Association Rules

pycaret.arules.setup(data, transaction_id, item_id, ignore_items=None, session_id=None)

This function initializes the environment in pycaret. setup() must called before executing any other function in pycaret. It takes three mandatory parameters: (i) data, (ii) transaction_id param identifying basket and (iii) item_id param used to create rules. These three params are normally found in any transactional dataset. pycaret will internally convert the pandas.DataFrame into a sparse matrix which is required for association rules mining.

Example

>>> from pycaret.datasets import get_data
>>> data = get_data('france')
>>> from pycaret.arules import *
>>> exp = setup(data = data, transaction_id = 'InvoiceNo', item_id = 'Description')
data: pandas.DataFrame

Shape (n_samples, n_features) where n_samples is the number of samples and n_features is the number of features.

transaction_id: str

Name of column representing transaction id. This will be used to pivot the matrix.

item_id: str

Name of column used for creation of rules. Normally, this will be the variable of interest.

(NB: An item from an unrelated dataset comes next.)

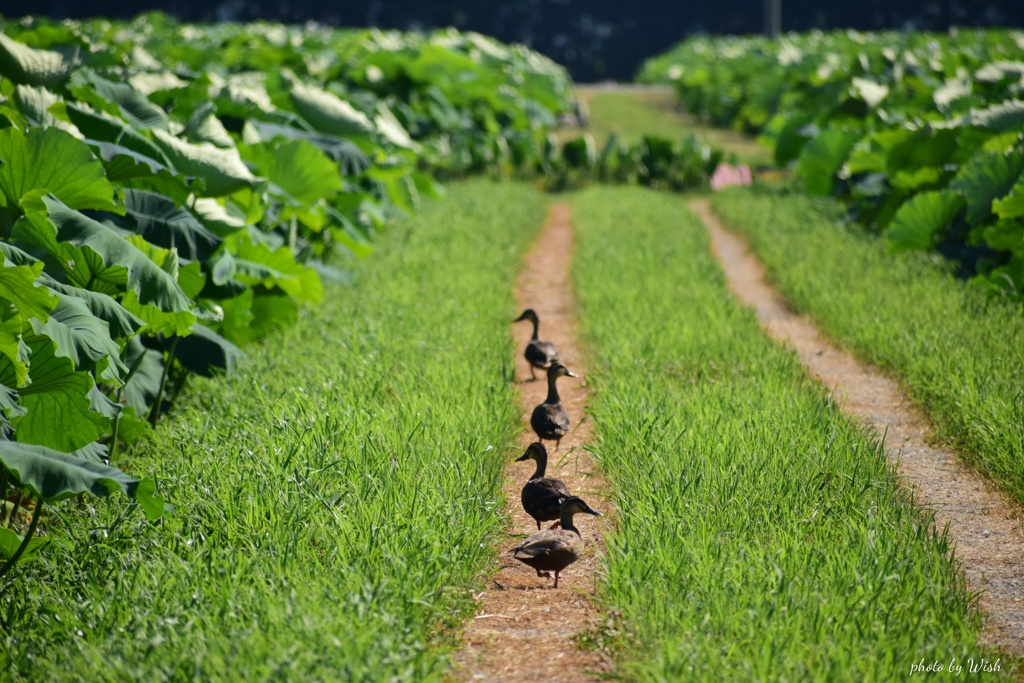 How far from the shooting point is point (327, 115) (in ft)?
23.3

ignore_items: list, default = None

List of strings to be ignored when considering rule mining.

session_id: int, default = None

If None, a random seed is generated and returned in the Information grid. The unique number is then distributed as a seed in all functions used during the experiment. This can be used for later reproducibility of the entire experiment.

Returns

Global variables.

pycaret.arules.create_model(metric='confidence', threshold=0.5, min_support=0.05, round=4)

This function creates an association rules model using data and identifiers passed at setup stage. This function internally transforms the data for association rule mining.

Example

>>> from pycaret.datasets import get_data
>>> data = get_data('france')
>>> from pycaret.arules import *
>>> exp_name = setup(data = data, transaction_id = 'InvoiceNo', item_id = 'Description')
>>> model1 = create_model(metric = 'confidence')
metric: str, default = ‘confidence’

Metric to evaluate if a rule is of interest. Default is set to confidence. Other available metrics include ‘support’, ‘lift’, ‘leverage’, ‘conviction’. These metrics are computed as follows:

  • support(A->C) = support(A+C) [aka ‘support’], range: [0, 1]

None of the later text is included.